- _Problem to work on_
Every line of the listing below must be printed again exactly, apart from its pictures.

- _Available data_
__________
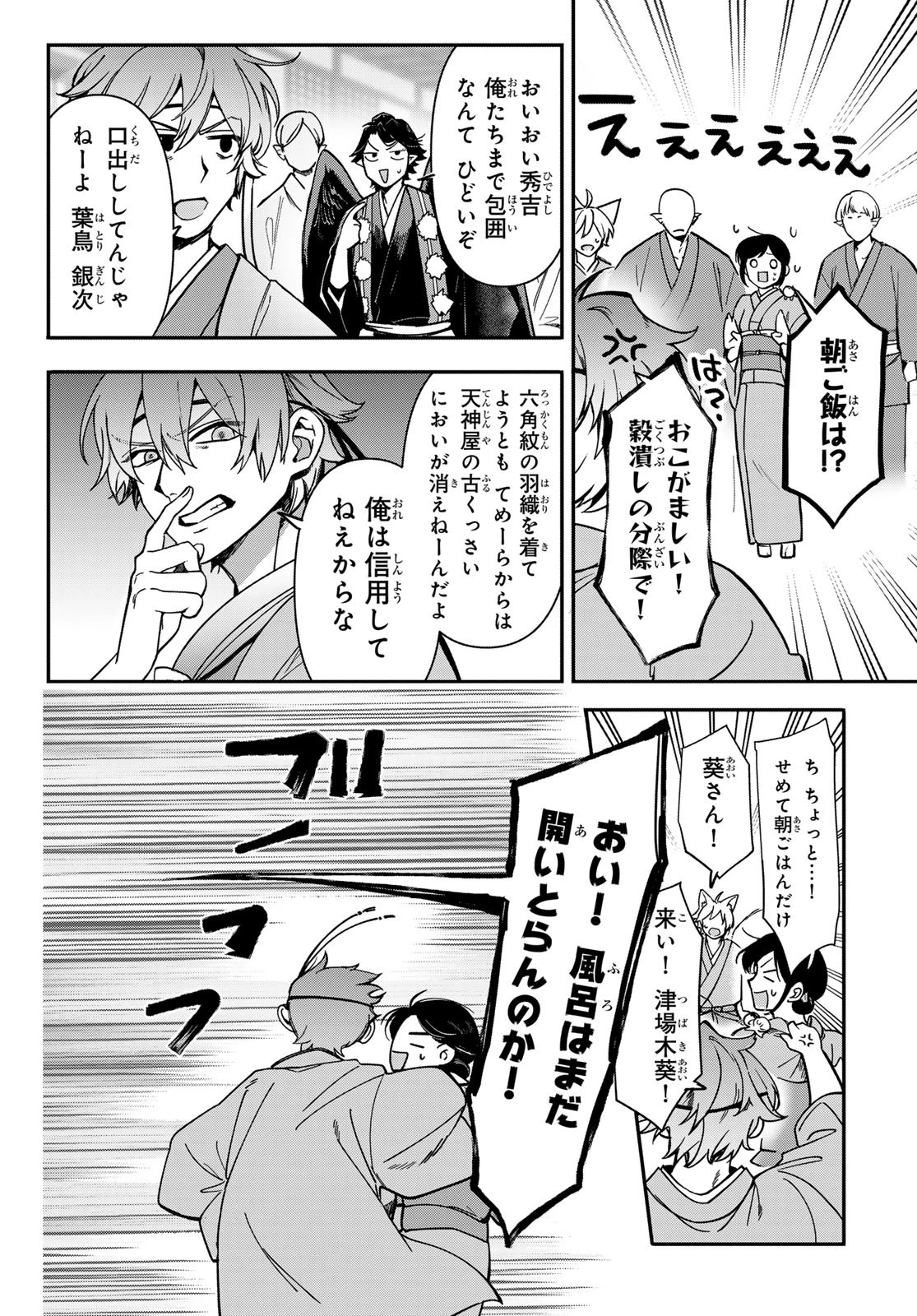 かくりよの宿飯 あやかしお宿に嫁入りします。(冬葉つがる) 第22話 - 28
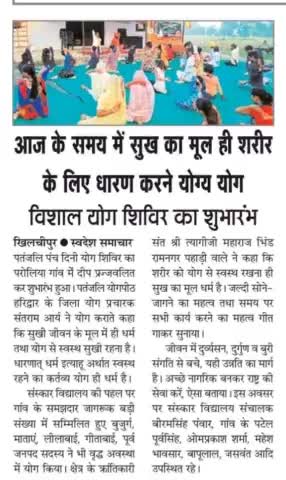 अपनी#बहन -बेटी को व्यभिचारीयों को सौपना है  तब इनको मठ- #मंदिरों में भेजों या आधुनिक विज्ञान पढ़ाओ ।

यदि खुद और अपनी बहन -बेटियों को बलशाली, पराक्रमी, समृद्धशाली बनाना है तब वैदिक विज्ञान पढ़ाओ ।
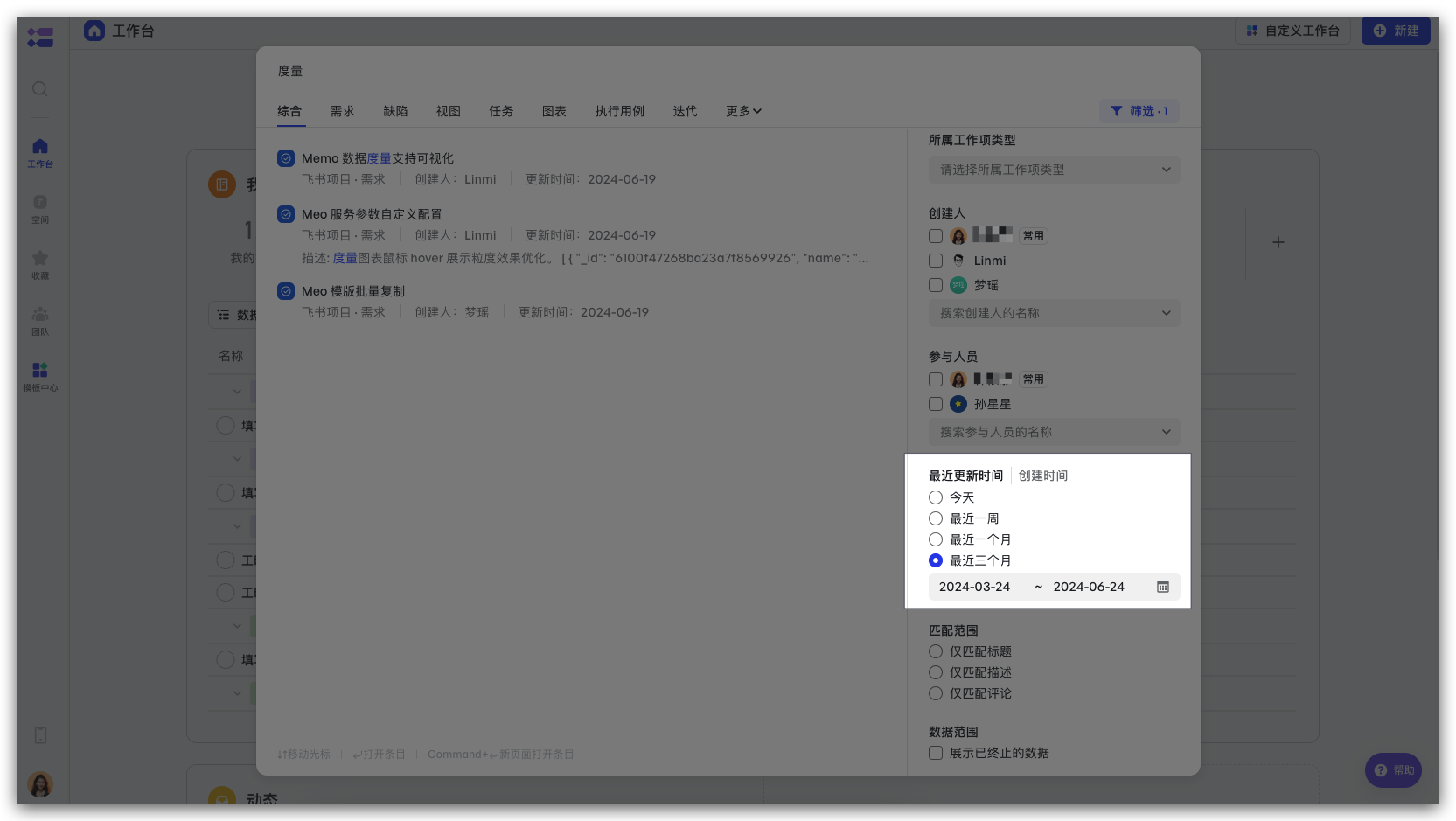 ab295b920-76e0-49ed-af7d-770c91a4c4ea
__________
- _Response area_
 かくりよの宿飯 あやかしお宿に嫁入りします。(冬葉つがる) 第22話 - 28
 अपनी#बहन -बेटी को व्यभिचारीयों को सौपना है  तब इनको मठ- #मंदिरों में भेजों या आधुनिक विज्ञान पढ़ाओ ।

यदि खुद और अपनी बहन -बेटियों को बलशाली, पराक्रमी, समृद्धशाली बनाना है तब वैदिक विज्ञान पढ़ाओ ।
 ab295b920-76e0-49ed-af7d-770c91a4c4ea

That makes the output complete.